--- SUPPLIED RECORDS Enclosed Below ---

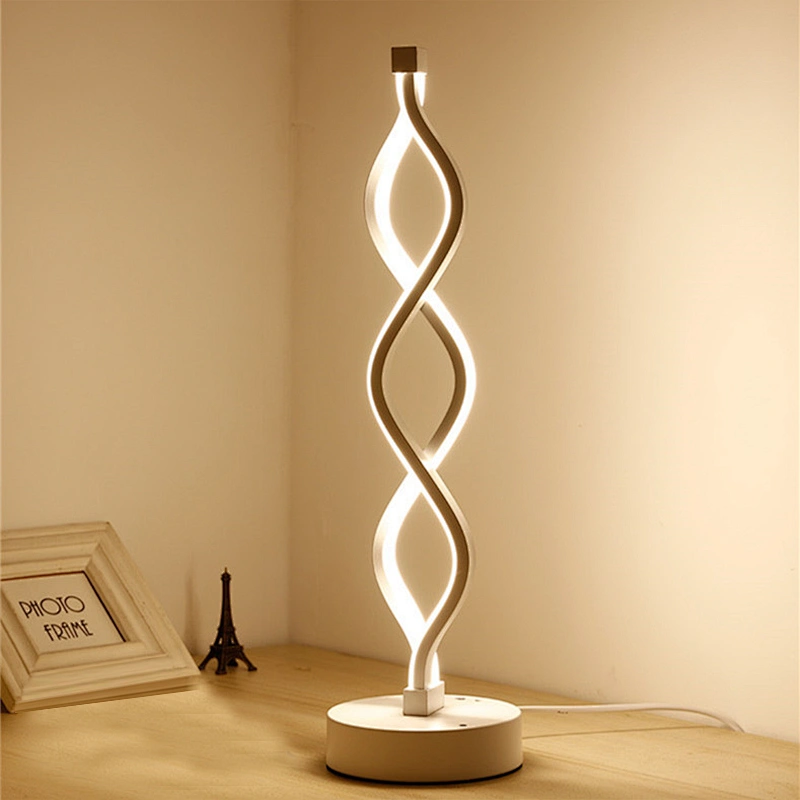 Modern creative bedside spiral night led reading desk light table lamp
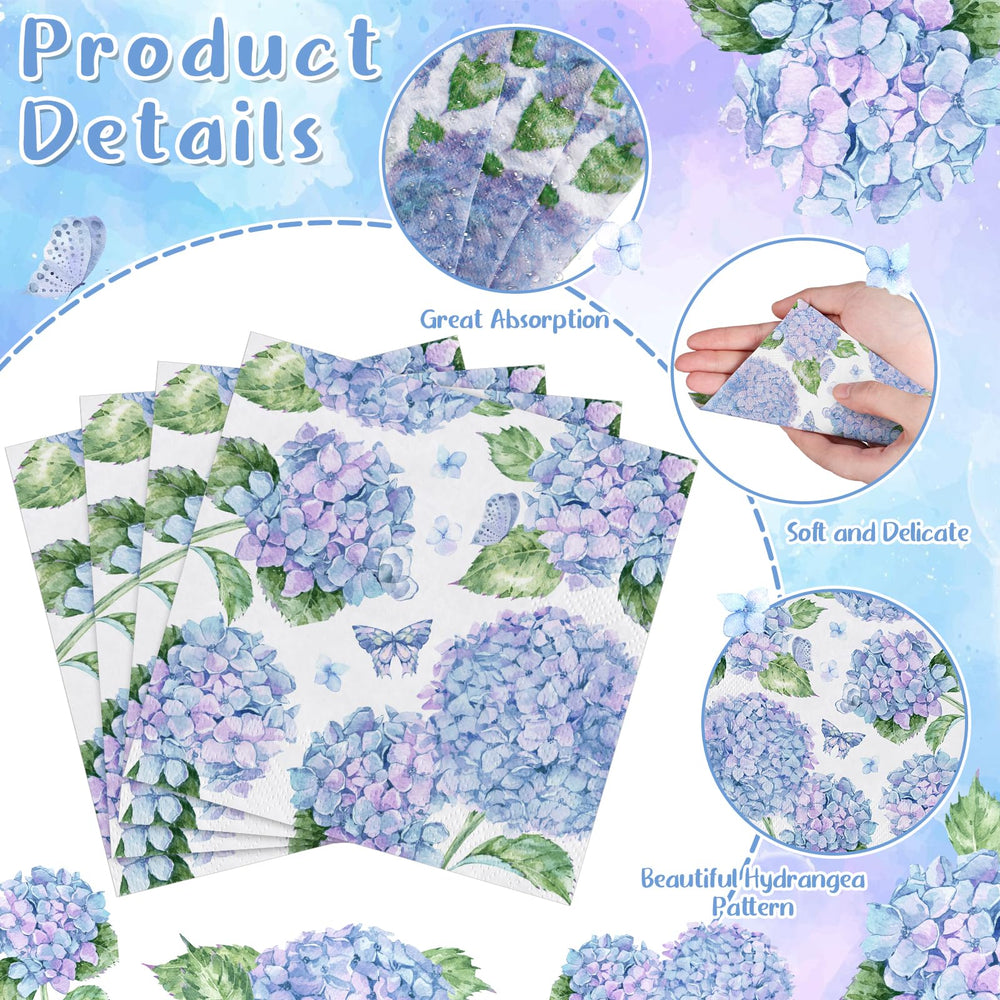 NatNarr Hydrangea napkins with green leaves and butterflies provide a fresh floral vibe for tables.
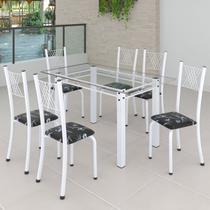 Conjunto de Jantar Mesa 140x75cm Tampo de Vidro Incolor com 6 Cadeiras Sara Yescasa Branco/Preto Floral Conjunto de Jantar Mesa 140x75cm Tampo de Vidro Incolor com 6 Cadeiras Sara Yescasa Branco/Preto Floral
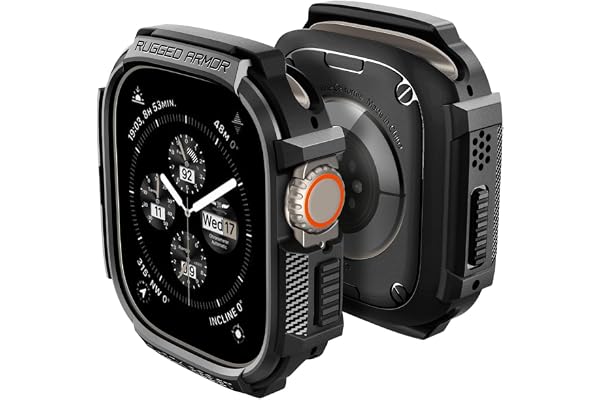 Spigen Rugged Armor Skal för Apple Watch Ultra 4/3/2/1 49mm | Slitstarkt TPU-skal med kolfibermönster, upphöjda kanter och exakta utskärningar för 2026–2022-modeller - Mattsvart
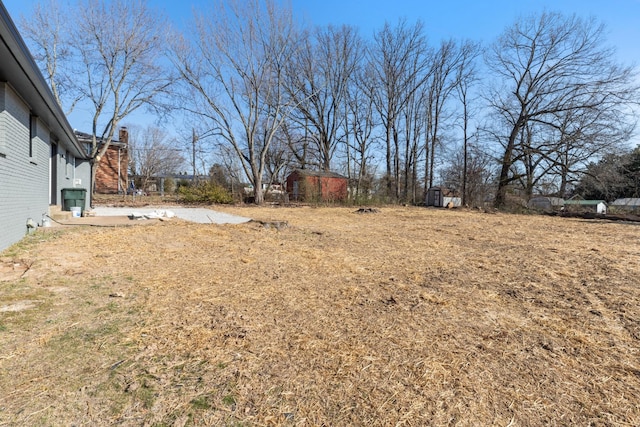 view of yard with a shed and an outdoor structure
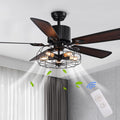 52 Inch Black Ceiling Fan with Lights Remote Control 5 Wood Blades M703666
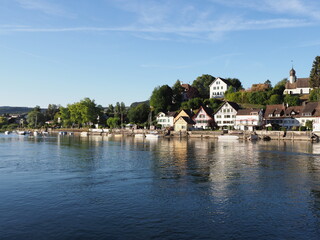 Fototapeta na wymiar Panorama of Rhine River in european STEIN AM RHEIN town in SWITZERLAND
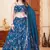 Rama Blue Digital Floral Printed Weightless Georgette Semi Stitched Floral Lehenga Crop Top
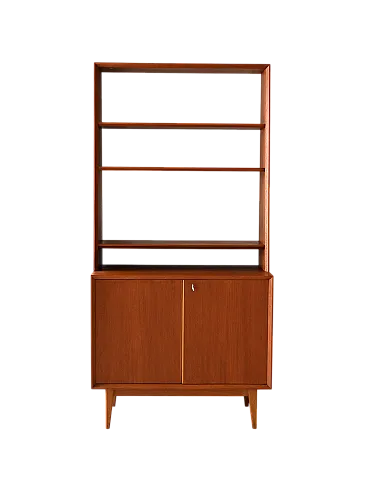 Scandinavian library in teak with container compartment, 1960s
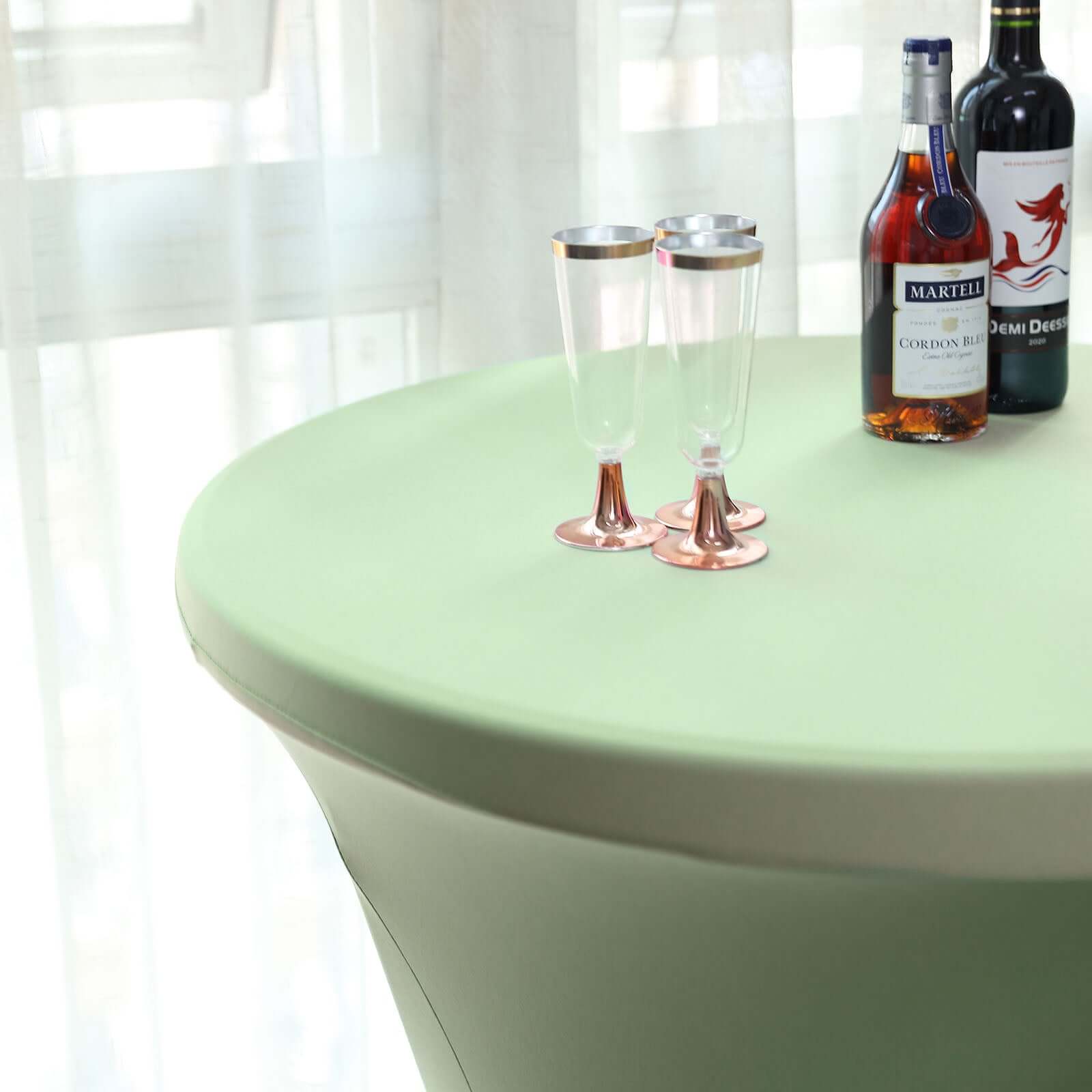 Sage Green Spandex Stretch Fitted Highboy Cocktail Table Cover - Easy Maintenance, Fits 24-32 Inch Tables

--- End of Enclosed SUPPLIED RECORDS ---
--- SUPPLIED RECORDS Enclosed Below ---

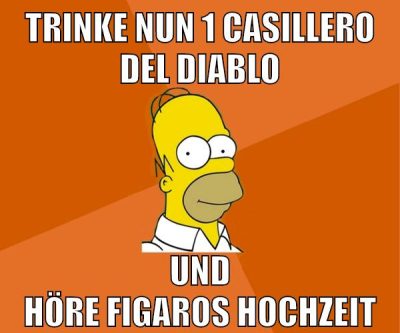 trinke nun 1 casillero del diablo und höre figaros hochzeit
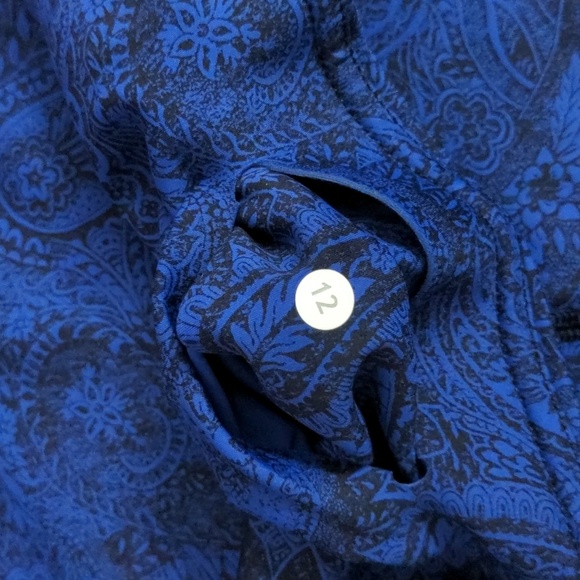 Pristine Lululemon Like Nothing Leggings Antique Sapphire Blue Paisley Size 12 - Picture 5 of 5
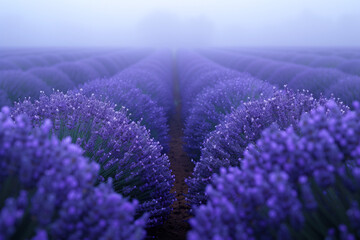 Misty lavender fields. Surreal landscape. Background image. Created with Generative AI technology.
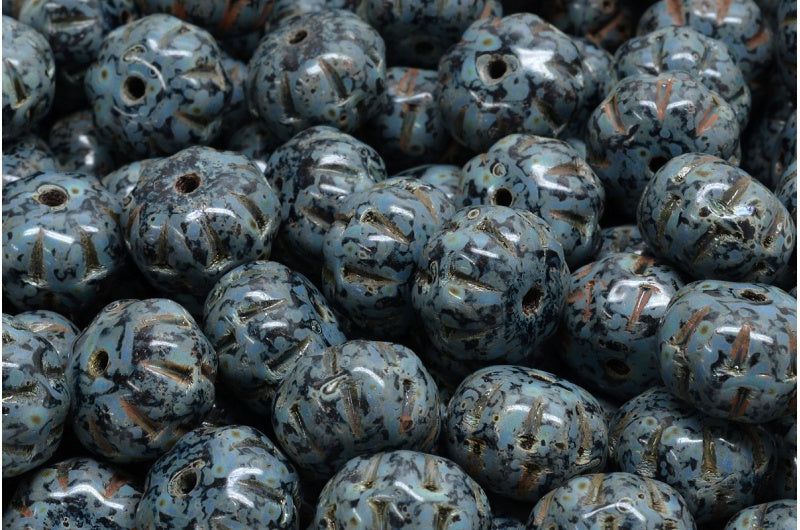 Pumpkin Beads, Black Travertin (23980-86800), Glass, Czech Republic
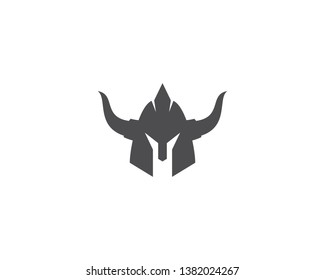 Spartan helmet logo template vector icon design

--- End of Enclosed SUPPLIED RECORDS ---

TO DO: Starting at the line above that contains "Modern creative bedside", transcribe every line exactly through the line that contains "Rama Blue Digital", including that last one, and skip the pictures.

RESULT OF THIS EXERCISE:
 Modern creative bedside spiral night led reading desk light table lamp
 NatNarr Hydrangea napkins with green leaves and butterflies provide a fresh floral vibe for tables.
 Conjunto de Jantar Mesa 140x75cm Tampo de Vidro Incolor com 6 Cadeiras Sara Yescasa Branco/Preto Floral Conjunto de Jantar Mesa 140x75cm Tampo de Vidro Incolor com 6 Cadeiras Sara Yescasa Branco/Preto Floral
 Spigen Rugged Armor Skal för Apple Watch Ultra 4/3/2/1 49mm | Slitstarkt TPU-skal med kolfibermönster, upphöjda kanter och exakta utskärningar för 2026–2022-modeller - Mattsvart
 view of yard with a shed and an outdoor structure
 52 Inch Black Ceiling Fan with Lights Remote Control 5 Wood Blades M703666
 Fototapeta na wymiar Panorama of Rhine River in european STEIN AM RHEIN town in SWITZERLAND
 Rama Blue Digital Floral Printed Weightless Georgette Semi Stitched Floral Lehenga Crop Top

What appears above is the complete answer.